Public / arrow / 3b7ad9d4e94

Commits

Rossi Sun authored and GitHub committed 3b7ad9d4e9410 Jul 2024

GH-43129: [C++][Compute] Fix the unnecessary allocation of extra bytes when encoding row table (#43125)

### Rationale for this change

As described in #43129 , current row table occupies more memory than expected. The memory consumption is double of necessary. The reason listed below.

When encoding var length columns into into the row table:
https://github.com/apache/arrow/blob/e59832fb05dc40a85fa63297c77c8f134c9ac8e0/cpp/src/arrow/compute/row/encode_internal.cc#L155-L162

We first call `AppendEmpty` to reserve space for `x` rows but `0` bytes. This is to reserve enough size for the underlying fixed-length buffers: null masks and offsets (for var-length columns).

Then we call `GetRowOffsetsSelected` to populate the offsets.

At last we call `AppendEmpty` again with `0` rows but `y` bytes, where `y` is the last offset element which is essentially the whole size of the var-length columns.

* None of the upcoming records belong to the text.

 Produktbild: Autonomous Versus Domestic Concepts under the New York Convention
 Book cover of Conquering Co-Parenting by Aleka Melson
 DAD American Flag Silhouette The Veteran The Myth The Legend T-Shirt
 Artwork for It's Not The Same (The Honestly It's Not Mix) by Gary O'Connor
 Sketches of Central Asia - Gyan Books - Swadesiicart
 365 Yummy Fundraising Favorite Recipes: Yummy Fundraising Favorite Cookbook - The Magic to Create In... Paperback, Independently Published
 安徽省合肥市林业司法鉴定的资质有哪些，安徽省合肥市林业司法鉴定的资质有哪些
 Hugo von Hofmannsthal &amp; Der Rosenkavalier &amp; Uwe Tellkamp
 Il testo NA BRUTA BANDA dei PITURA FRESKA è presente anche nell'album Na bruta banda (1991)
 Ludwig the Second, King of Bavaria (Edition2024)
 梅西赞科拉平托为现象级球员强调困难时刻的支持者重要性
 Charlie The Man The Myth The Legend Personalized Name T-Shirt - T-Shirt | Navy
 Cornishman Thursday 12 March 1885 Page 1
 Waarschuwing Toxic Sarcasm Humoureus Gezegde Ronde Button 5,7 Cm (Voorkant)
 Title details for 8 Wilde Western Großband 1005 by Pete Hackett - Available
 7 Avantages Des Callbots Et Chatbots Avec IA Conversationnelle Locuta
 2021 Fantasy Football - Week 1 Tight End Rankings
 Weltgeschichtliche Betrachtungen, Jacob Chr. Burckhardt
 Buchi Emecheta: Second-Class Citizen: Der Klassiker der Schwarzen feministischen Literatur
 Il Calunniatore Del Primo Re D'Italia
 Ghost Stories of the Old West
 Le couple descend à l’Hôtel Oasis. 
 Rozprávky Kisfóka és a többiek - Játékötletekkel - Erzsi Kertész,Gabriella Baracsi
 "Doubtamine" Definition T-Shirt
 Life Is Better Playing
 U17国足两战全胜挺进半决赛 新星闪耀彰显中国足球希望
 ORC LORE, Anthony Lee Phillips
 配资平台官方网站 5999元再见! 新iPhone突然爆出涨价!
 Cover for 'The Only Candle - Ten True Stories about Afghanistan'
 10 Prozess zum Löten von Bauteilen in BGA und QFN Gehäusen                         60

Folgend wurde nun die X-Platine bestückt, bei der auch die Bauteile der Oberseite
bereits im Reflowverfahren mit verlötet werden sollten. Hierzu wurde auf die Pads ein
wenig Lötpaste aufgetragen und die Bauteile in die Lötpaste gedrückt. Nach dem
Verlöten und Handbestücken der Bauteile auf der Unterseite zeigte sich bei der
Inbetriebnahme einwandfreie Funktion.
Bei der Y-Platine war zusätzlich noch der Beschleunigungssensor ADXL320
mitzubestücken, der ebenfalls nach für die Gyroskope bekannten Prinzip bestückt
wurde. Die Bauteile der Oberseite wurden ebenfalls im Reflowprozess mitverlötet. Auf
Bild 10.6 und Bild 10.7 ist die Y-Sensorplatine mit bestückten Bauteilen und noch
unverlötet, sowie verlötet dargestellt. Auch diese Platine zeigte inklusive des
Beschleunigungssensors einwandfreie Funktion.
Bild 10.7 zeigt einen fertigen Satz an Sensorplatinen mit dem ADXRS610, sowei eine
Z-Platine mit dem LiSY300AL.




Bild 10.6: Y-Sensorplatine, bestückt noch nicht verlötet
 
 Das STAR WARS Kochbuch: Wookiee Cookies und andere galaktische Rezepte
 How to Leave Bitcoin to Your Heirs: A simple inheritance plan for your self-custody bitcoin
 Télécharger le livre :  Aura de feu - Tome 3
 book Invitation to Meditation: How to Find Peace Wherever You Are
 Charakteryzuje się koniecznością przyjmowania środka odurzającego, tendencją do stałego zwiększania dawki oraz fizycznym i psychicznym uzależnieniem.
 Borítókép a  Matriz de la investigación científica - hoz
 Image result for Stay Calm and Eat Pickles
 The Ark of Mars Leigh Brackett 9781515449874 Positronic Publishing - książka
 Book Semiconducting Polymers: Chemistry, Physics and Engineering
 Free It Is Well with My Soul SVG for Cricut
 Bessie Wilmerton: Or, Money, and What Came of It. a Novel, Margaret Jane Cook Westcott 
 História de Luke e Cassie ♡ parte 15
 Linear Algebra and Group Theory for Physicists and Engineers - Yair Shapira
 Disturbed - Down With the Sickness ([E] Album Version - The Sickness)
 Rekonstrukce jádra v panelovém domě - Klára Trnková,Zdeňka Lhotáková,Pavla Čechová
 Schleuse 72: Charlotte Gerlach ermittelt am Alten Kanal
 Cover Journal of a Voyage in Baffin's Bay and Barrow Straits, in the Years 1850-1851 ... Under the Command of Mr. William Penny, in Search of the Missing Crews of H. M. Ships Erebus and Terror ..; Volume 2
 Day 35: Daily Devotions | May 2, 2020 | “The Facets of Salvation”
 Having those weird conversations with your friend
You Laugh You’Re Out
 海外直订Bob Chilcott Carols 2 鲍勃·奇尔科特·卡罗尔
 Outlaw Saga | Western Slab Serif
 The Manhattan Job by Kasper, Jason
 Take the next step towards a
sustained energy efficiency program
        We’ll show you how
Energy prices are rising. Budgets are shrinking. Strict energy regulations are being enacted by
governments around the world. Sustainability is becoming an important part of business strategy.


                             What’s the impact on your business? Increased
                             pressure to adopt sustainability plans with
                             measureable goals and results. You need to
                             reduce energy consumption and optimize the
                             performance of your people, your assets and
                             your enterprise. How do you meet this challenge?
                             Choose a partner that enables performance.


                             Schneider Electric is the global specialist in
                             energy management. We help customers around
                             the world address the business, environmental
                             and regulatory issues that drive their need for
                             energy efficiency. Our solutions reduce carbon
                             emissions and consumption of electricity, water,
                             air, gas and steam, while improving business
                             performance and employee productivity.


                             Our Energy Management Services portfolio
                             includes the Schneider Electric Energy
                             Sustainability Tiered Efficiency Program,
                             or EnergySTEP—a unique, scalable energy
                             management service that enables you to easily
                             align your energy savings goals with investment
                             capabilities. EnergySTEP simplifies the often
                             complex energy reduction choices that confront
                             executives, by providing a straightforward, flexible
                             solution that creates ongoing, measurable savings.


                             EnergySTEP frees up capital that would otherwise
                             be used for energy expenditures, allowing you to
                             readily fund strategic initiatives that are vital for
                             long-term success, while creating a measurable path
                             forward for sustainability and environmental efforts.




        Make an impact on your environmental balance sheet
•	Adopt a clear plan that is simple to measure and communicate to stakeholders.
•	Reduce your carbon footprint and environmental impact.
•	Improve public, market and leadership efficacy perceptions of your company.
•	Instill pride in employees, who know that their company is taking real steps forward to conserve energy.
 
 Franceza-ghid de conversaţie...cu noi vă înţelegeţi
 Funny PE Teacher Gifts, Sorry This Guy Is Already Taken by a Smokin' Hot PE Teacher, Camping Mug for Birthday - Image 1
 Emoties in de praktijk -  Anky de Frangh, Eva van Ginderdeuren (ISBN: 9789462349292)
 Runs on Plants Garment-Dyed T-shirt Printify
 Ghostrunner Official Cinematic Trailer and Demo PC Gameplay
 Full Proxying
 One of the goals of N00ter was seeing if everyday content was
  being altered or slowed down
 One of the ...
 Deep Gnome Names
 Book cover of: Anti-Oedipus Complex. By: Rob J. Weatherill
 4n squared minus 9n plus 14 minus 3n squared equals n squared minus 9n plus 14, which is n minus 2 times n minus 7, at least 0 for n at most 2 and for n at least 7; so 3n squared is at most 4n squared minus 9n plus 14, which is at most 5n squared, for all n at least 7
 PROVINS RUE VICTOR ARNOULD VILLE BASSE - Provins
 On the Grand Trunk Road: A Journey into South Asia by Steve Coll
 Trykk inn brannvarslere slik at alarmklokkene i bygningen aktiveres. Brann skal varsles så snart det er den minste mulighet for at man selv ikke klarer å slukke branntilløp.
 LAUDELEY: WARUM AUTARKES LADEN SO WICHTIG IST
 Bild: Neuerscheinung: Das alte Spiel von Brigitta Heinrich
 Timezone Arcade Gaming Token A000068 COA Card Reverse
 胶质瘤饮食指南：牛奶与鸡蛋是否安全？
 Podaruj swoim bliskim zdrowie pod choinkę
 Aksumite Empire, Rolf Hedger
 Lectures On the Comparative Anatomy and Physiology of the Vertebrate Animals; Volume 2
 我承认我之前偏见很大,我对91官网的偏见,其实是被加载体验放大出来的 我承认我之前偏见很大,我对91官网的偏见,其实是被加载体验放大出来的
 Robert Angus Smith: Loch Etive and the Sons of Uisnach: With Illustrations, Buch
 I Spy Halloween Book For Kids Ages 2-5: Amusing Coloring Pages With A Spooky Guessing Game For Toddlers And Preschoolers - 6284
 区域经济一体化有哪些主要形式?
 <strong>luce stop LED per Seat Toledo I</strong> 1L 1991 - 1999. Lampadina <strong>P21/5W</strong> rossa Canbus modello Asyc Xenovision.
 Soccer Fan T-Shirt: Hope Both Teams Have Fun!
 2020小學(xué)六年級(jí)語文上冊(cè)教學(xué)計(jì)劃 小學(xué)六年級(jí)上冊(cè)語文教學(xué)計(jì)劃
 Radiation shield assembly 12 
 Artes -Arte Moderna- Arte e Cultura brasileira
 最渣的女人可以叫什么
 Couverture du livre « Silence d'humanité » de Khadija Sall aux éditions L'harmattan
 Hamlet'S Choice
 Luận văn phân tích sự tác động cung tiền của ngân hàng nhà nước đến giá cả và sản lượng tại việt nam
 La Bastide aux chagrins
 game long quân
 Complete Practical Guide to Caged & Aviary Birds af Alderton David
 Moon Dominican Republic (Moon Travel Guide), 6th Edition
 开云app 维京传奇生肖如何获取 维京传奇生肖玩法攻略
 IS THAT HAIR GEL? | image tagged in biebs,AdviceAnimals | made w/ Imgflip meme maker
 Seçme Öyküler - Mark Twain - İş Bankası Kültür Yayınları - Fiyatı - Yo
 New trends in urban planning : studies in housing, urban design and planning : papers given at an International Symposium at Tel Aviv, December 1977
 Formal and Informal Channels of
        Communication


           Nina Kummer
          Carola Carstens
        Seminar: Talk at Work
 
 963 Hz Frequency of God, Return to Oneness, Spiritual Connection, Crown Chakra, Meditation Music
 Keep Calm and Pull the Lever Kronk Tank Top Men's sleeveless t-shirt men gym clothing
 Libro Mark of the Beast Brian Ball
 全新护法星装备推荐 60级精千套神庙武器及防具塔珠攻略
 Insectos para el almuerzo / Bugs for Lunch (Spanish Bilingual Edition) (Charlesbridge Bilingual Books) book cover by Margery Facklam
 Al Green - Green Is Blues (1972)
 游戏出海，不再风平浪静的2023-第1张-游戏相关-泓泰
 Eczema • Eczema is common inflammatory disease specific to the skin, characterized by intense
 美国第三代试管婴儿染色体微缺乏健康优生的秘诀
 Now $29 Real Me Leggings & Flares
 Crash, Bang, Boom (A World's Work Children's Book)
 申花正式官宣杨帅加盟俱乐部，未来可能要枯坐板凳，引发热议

Sounds all reasonable so far.

However, `AppendEmpty` calls `ResizeOptionalVaryingLengthBuffer`, in which:
https://github.com/apache/arrow/blob/e59832fb05dc40a85fa63297c77c8f134c9ac8e0/cpp/src/arrow/compute/row/row_internal.cc#L294-L303

We calculate `bytes_capacity_new` by keeping doubling it until it's big enough for `num_bytes + num_extra_bytes`.

Note by the time of this point, `num_bytes == offsets()[num_rows_]` is already `y`, meanwhile `num_extra_bytes` is also `y`, hence the unexpected doubled size than necessary.

### What changes are included in this PR?

Fix the wasted half size for buffers in row table. Also add tests to make sure the buffer size is as expected.

### Are these changes tested?

UT included.

### Are there any user-facing changes?

None.

* GitHub Issue: #43129

Authored-by: Ruoxi Sun <zanmato1984@gmail.com>
Signed-off-by: Antoine Pitrou <antoine@python.org>